Ask a Data Scientist: What is Machine Learning?

For as popular as the term "machine learning" has come to be, it’s surprising how often it’s equated to robots taking over the world.

Phrases like “neural nets” and “deep learning” tap into our sense of fantasy, but when we jump from new tech to robot takeover, we miss the beauty and power of what machine learning actually is, and the groundbreaking new developments that are pushing industries forward.

Below, Codecademy Senior Curriculum Developer Nitya Mandyam sheds light on what machine learning really is, how it works, and how we use it today.

What is machine learning?

“Machine learning is an umbrella term for a set of algorithmic tools that analyze and extract patterns from data,” Nitya says. “It’s most commonly used for decision-making.”

Unlike traditional software development, which involves giving a computer a set of rules that it uses to execute tasks, machine learning involves teaching the computer to recognize patterns in a set of data. This means you can give your computer huge data sets, and it can make predictions for you.

For instance, we’ve trained computers to accurately predict letters and numbers, the base logic for handwriting recognition used by the postal service. The same logic is used in the development of self-driving cars and social media algorithms that surface content related to your interests.

Machine learning is a subfield of artificial intelligence and computer science, and it’s also closely related to statistics. “Machine learning does what statistics can do much faster,” Nitya says. “It leverages advanced computational technology to come to faster conclusions about data.”

The origins of the field date back to the 20th century, when computer scientist Arthur Samuel popularized the term “machine learning” after teaching a computer how to play checkers.

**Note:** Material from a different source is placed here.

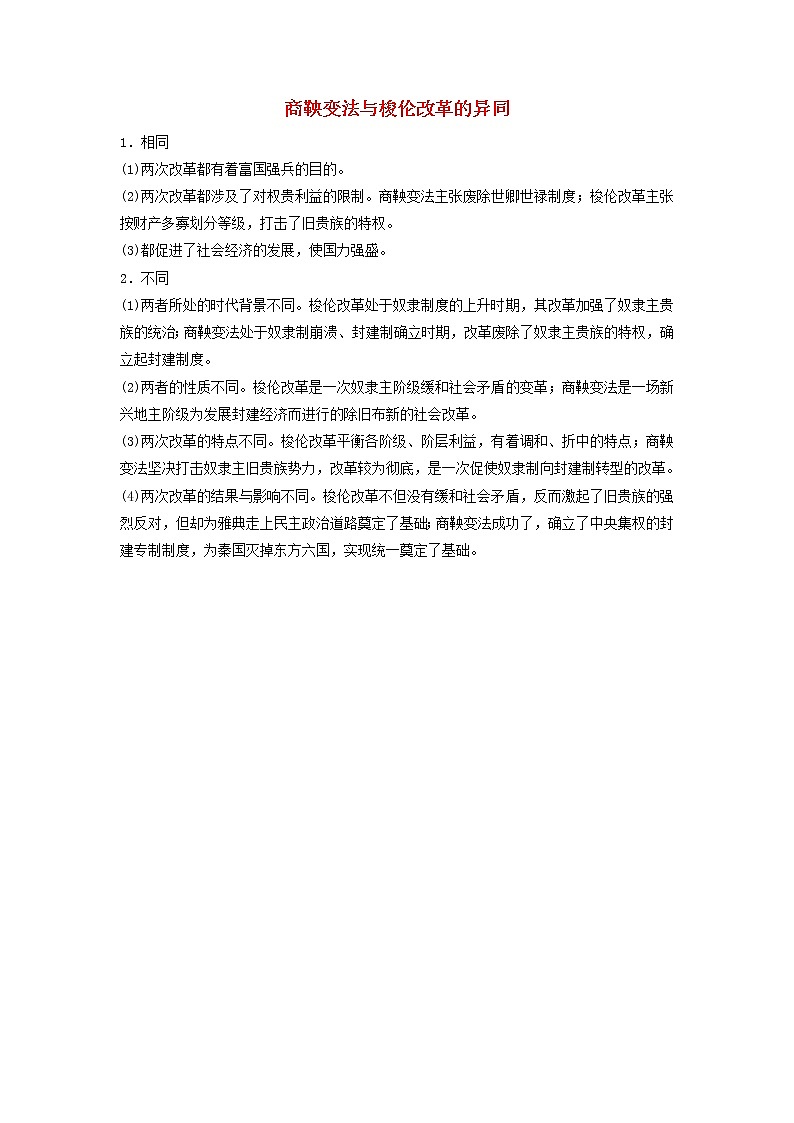 高中历史第二单元商鞅变法2.2商鞅变法与梭伦改革的异同文本素材新人教版选修1历史上重大改革回眸202104191168第1页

But looking at Google Trends data, you can see that machine learning has become much more popular over the past decade.

Google trends data depicting the rise of machine learning's popularity

But why now? We’ve always had sci-fi movies that reference machine learning, from 2001: A Space Odyssey to Ex Machina. What’s the reason for the recent spike in popularity, and is this just a fad or the future?

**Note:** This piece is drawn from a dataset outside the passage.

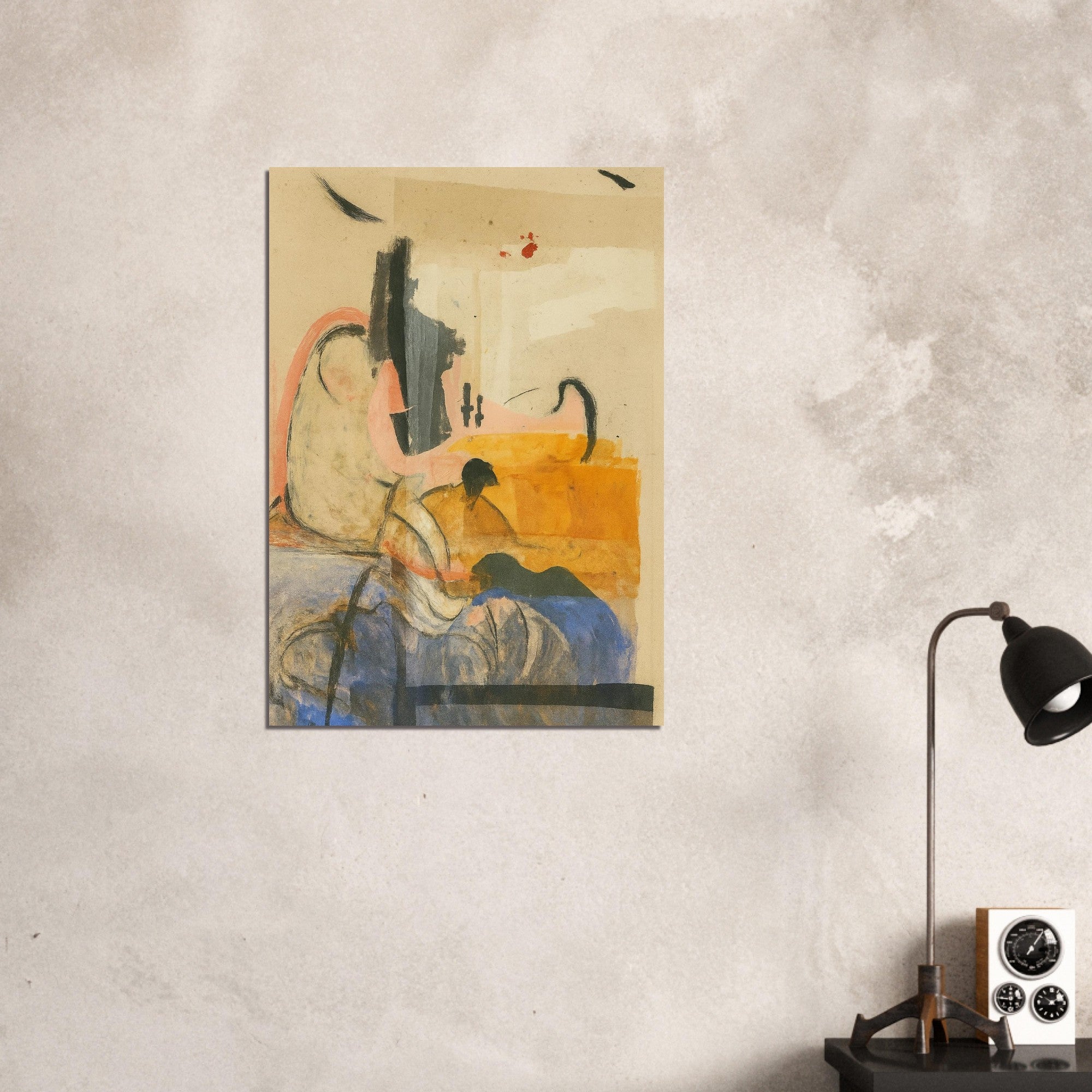 Echoes in Ochre: Modern Abstract Watercolor Poster (A3 Size | Vertical | Textured Art Print) A1 (59.4 x 84.1 cm)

The simple answer is: We can finally actually do many of the cool things that were once relegated to sci-fi movies. And we’ll only continue to build on these technological advancements for the foreseeable future.

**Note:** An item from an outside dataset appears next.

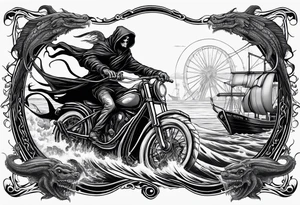 Grim reaper riding a ferry with a kraken in the background tattoo idea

Machine learning has become much more popular over the last few years because of the huge amounts of data we generate every day and the fact that we can now process this data quicker and easier than ever.

“We’re at this cusp of human history where almost every behavioral pattern is documented, depending on your online habits,” Nitya says. “This opens up huge possibilities for leveraging this data.”

What is machine learning used for?

“Machine learning is excellent for making quick, predictive, analytic judgments about data,” Nitya says.

Thanks to the large amounts of data we create every day, machine learning has a wide range of applications. It’s used across various industries, from customer service and marketing to finance, entertainment, healthcare, and transportation. You’ve probably already seen machine learning in action when using popular technologies like:

  • Recommender systems: Streaming services like Spotify and Netflix use machine learning to analyze your tastes and preferences and provide personalized suggestions.
  • Virtual assistants: Virtual assistants like Siri and Alexa use machine learning (along with other technologies like natural language processing) to interpret and execute your voice commands.
  • Self-driving cars: Machine learning is used to teach autonomous vehicles to recognize objects (like traffic signs, people, and other vehicles) and make safe decisions while driving.

But while these technologies feel like the future arriving, remember that machine learning is really just powerful math and prediction. Almost as soon as someone realizes what machine learning can do, they want to ask the crystal ball a question:

  • What’s going to be the next big programming language?
  • Who’s going to win the next election?
  • Can you accurately predict our revenue if we create this new product?

But crowding around your data scientist’s desk isn’t going to help you. Applying machine learning to your business requires huge data sets that aren’t always accessible, but even if they are, it’s key that that data is in a format that a machine can read.

“Raw data always has issues,” Nitya says. “Sometimes there’s unwanted information or too much information or things aren’t encoded properly, so you need to standardize your data before it can be inputted into your model.”

How machine learning works

Machine learning requires three sets of data: a training set, a test set, and a validation set.

  1. A training set consists of baseline data that’s used to teach a computer to identify patterns, calculate parameters, and construct machine learning models.
  2. A test set is a dataset that’s used to evaluate and fine-tune the model.
  3. A validation set is a dataset that’s used to check your hypothesis.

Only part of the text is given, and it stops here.